Soviet-Era Conservatives Seek Revenge for Reforms

Putsch backers turn April treason trial into a new round of struggle

DURING the Soviet era, Moscow's Manezh Square facing the red-brick walls of the Kremlin was the domain of the democrats. Tens of thousands gathered to demand the end to the Communist system, waving the red, white, and blue tricolor of Russia and shouting support for Boris Yeltsin. But last Tuesday about 30,000 demonstrators turned the square into a sea of red, unfurling the flag of the defunct Soviet Union and displaying a potpourri of anti-American and extreme nationalist slogans.

At the center of attention and adulation were four of the men who plotted the August 1991 attempted hard-line Communist coup. Since their release from prison pending the beginning of their April trial, the 12 men charged with organizing the coup have become the new folk heroes of a small but growing Communist revival.

Efforts to restore the party, outlawed by President Yeltsin after the coup, have gained new momentum since a court decision late last year restored legal status to local party organizations.

Two weeks ago some 650 Communist delegates met outside at a congress to restore the Communist Party of Russia. The weekend gathering marked the first public appearance of seven of the leaders of the putsch, most of whom were let out of prison in late January.

In a wave of articles, speeches, and television interviews, the putschists have taken the offensive, attempting to turn their trial into a new round of political struggle. While it is the Yeltsin government that seeks their conviction, the coup plotters prefer to aim salvoes at their old enemy - former Soviet leader Mikhail Gorbachev and his reforms.

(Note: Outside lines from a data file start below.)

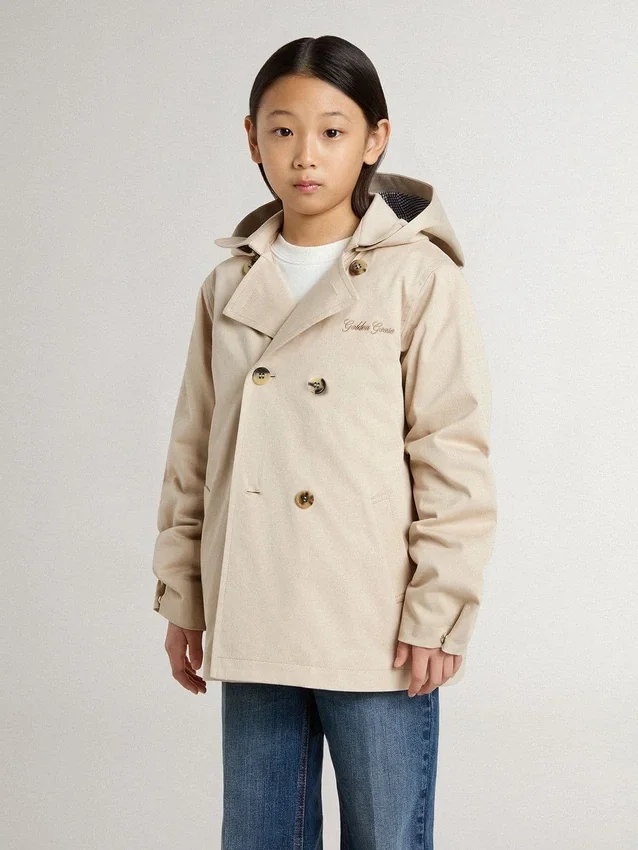 Giacca trench da bambino con gilet interno rimovibile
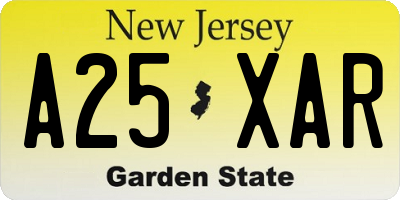 NJ license plate A25XAR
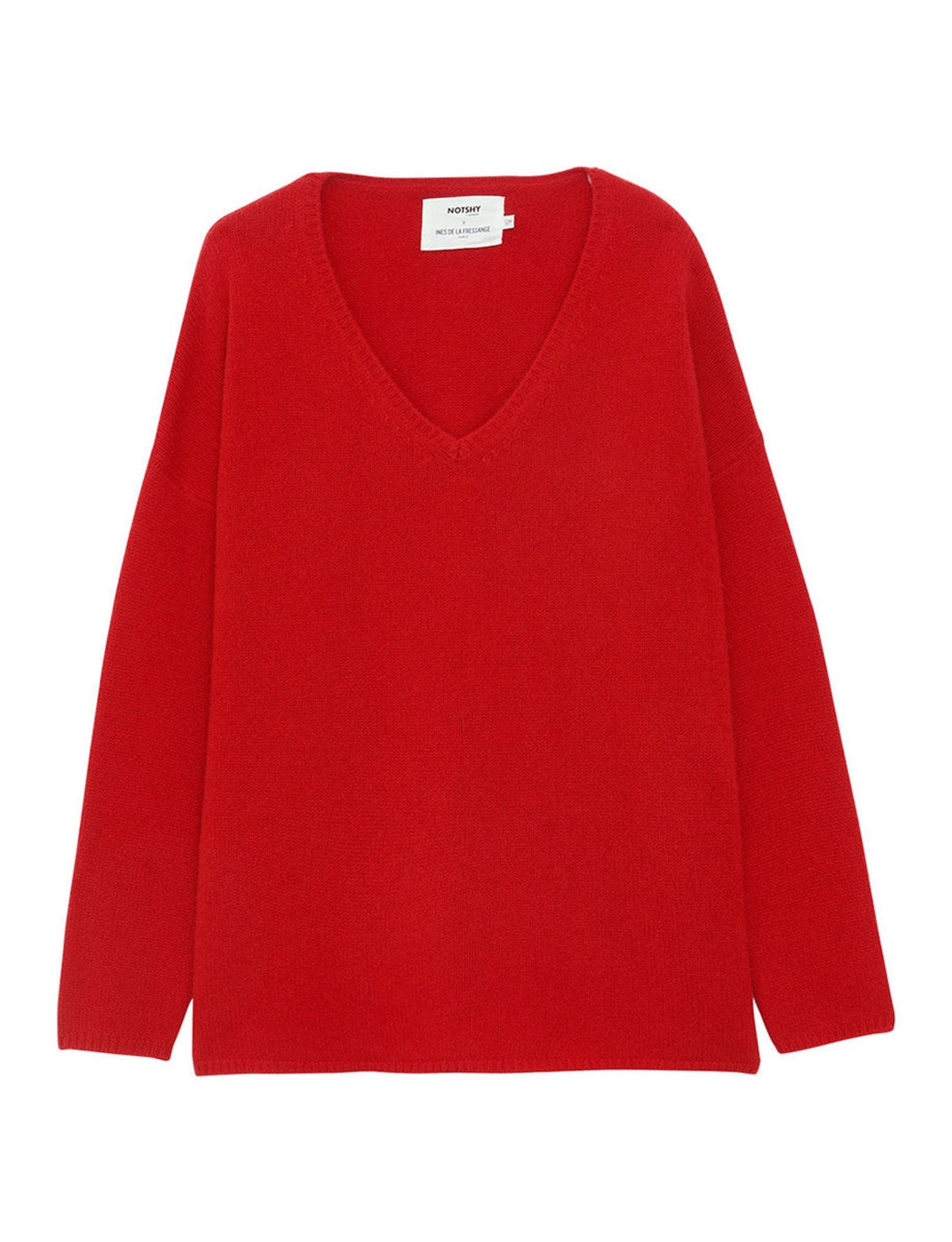 Ines x Notshy maglia di cashmere rosa con pico cuello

One line of defense, advanced by former Premier Valentin Pavlov and by former Soviet parliament chief Anatoly Lukyanov, claims that it was Mr. Gorbachev who drew up plans for emergency rule. Gorbachev's isolation during the putsch at his vacation dacha in Foros on the Black Sea was self-imposed, they charge, as he waited to see who would emerge with the upper hand.

More frequently, the putschists defend the coup as a patriotic act to save the Soviet Union from destruction and its citizens from impoverishment. In this version, it is Gorbachev and his right-hand men, former Foreign Minister Eduard Shevardnadze and glasnost architect Alexander Yakovlev, who are the traitors.

"We were guided by a desire to help our people, to prevent the terrible calamity that has now afflicted our homeland," former KGB boss Vladimir Kryuchkov, considered by many to be the chief organizer of the coup, said in a Jan. 28 interview in the hard-line daily Sovietskaya Rossiya.

Mr. Kryuchkov is the author of the charge that the Gorbachev reforms were the work of Western "agents of influence" out to destroy the Soviet Union. "The disaster in our country was not an upshot of the actions that had occurred during the past two years," he asserted. "Everything was planned much earlier."

The main target of this tale is Mr. Yakovlev, long vilified by Communists as a reformist Rasputin who manipulated Gorbachev. In an excerpt from his memoirs published on Feb. 13 in Sovietskaya Rossiya, Kryuchkov alleges that Yakovlev was a United States agent, first recruited by the Federal Bureau of Investigation in 1960 when he was a student at Columbia University. In 1990 Kryuchkov went to Gorbachev with supposed intelligence reports showing that his chief aide was viewed by the US as its man in the Kr emlin. He even claims to have confronted Yakovlev with the evidence.

In a pair of interviews published this week, Yakovlev angrily dismisses these charges as "a pack of lies." "Kryuchkov has always been skillful at provocation," Yakovlev told the weekly Literaturnaya Gazeta. "It's quite possible that he and his accomplices have opted for attack as the best form of defense in the run-up to the trials."

Still, Yakovlev, who is currently on a lecture tour in the US, feels compelled to respond to the specific claims. Following their publication, Yakovlev says he called Gorbachev, who denied having had any conversation with the former KGB boss about him. Kryuchkov's confrontation with him also never took place, Yakovlev adds.

"But I wouldn't wish to reduce this to a quarrel between the former KGB chief and myself," Yakovlev told Literaturnaya Gazeta. "It is a much more serious matter - the necessity to be aware of the danger of an offensive of the conservative, revenge-seeking forces."

While the Russian Communist Party has no chance to gain a large following, he said, they have joined hands with extreme nationalists and fascists in a growing front, taking advantage of the economic difficulties and the weakness of the democrats.

"I will tell you frankly," he concludes, "I can't help wondering at the serenity of the president who does not take any measures to combat the fascist danger. We must see our own idleness, our own serenity, as the main threat to reform."